Su familia le ayudó a temperar el momento y entender que Cannes ya había pasado. “Yo era un güevón más que salía a coger el bus”. El gran logro era apenas un escalón que debía consolidar con más trabajo. Alguno de los suyos afirma que Simón entiende que eso de «¿usted no sabe quién soy yo?» no funciona. Quizá en el mundo audiovisual algunos lo reconocen, pero no pasa de allí. “Apenas se reviente esta burbuja en la que estamos [Cannes], tengo que llegar a seguir camellando”. Él ya tiene un guión que está imaginado en Medellín pero que funcionaría en cualquier ciudad colombiana. Aunque no conoce mucho Bogotá, le agrada estéticamente la profundidad de campo que da su sabana.
“Medellín es como una Cataluña en Colombia”, comenta Simón con tono de queja por ese patriotismo local. Él aprecia la movida del cine en Colombia hoy. La presenta como una logia en la que todos se conocen pero que se abre al menos en tres capítulos: los paisas, los rolos y los caleños. Estos últimos, tal vez, son los más admirados. Mesa tiene entusiastas palabras para los realizadores de Cali con su larga escuela y su herencia dentro del mundo cinéfilo colombiano. Y habla de cómo su quehacer se ha visto potenciado al verse rodeado de «rolos». Sus dos productores han sido bogotanos.
También lo es Juan Sarmiento, el fotógrafo que le ha acompañado las dos veces en Cannes. La fotografía de Juan es la herramienta por la cual en los cortos de Mesa se ve esa profundidad de campo antes mencionada como fondo de los primeros planos. El bogotano pone como principal virtud del paisa la confianza que le da a su equipo para dejarle hacer su tarea a cada uno. “Con Simón hemos logrado construir algo que sigue evolucionando”. Para Sarmiento, Simón “es muy callado. Le gusta analizar las cosas […] Tiene muy buenas historias en la cabeza”. De pronto eso lo llevó al cine; y entonces quizá sí logre cumplir su meta: “Cuando cumpla cuarenta ya debo tener algunos largometrajes”.
Con la montaña o la ciudad como telón de sus filmes, pareciera que Simón busca generar una sensación de escape, tal vez en lo subliminal. Sus palabras me refutan, y agrega que “es solo un gusto estético. No todo debe tener un trasfondo. ¿Te acordás en Madre cuando llegan los pelaos de las motos? Ahí se ve esa profundidad. Me gusta mucho”. Sin embargo, Mesa Soto apenas se empieza a dar cuenta de que, después de exhibidas las obras, ya no pertenecen al autor. En lugar de ello, el público se las apropia y los trabajos empiezan a tener una nueva vida que en muchas ocasiones significa algo diferente a lo que el creador tenía en la cabeza.

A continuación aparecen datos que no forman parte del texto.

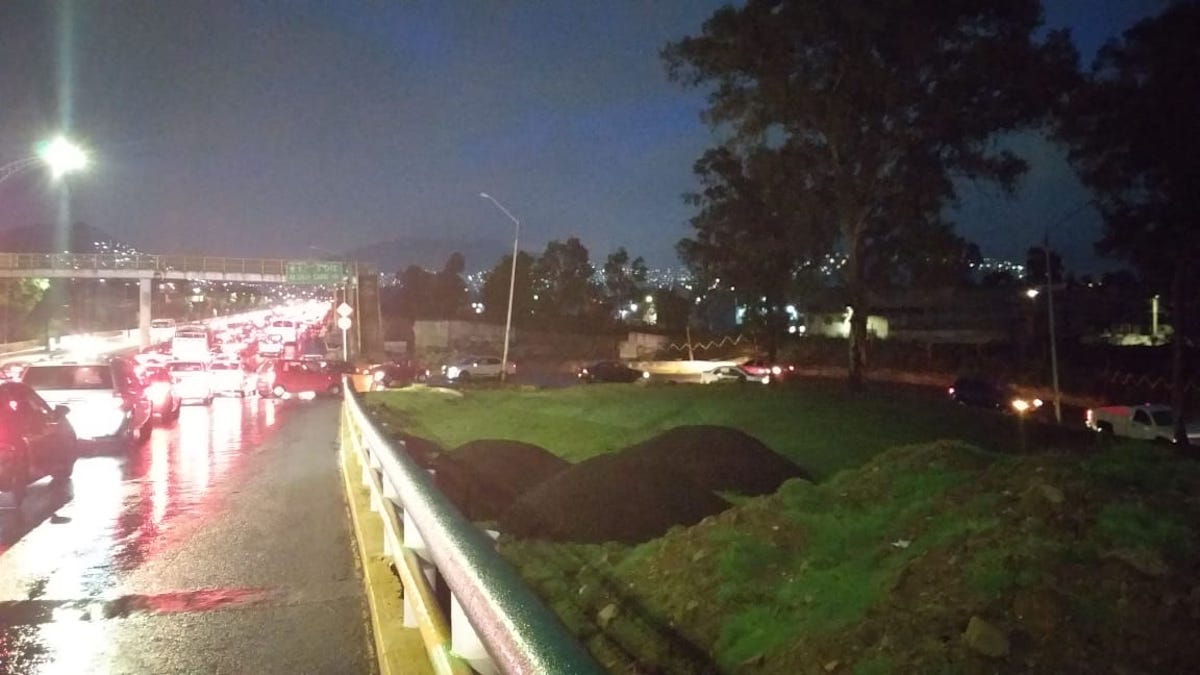 Se desborda el Río de los Remedios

Son las dos de la mañana cuando Simón me grita “¡Juan! ¿Pa ónde vas a hora?”. Él y su tropa quieren alargar un rato más la fiesta; pero Cannes parece sometido a la Ley Zanahoria y hay muy poco que se pueda hacer. En el camino al bar Petit Majestic, él se deja traicionar por la ambivalente relación que tenemos cuando señala que “hay más de veinte cortos acá de las nuevas generaciones. Nosotros somos como la generación de quiebre. Me siento casi viejo”. Hasta hace diez años, hacer cine era extraño en Colombia. Hoy Simón Mesa es uno de los varios que van abriendo un camino que les permite a todos tener al cine como un medio más en este eterno anhelo humano de contar historias.
Simón mira dentro de esa profundidad espacial que tanto le gusta. Al fondo está el Palais donde esta vez no se oyó su nombre. Pero seguro que sueña con volver a pasearse con una Palma en la mano por la croisette.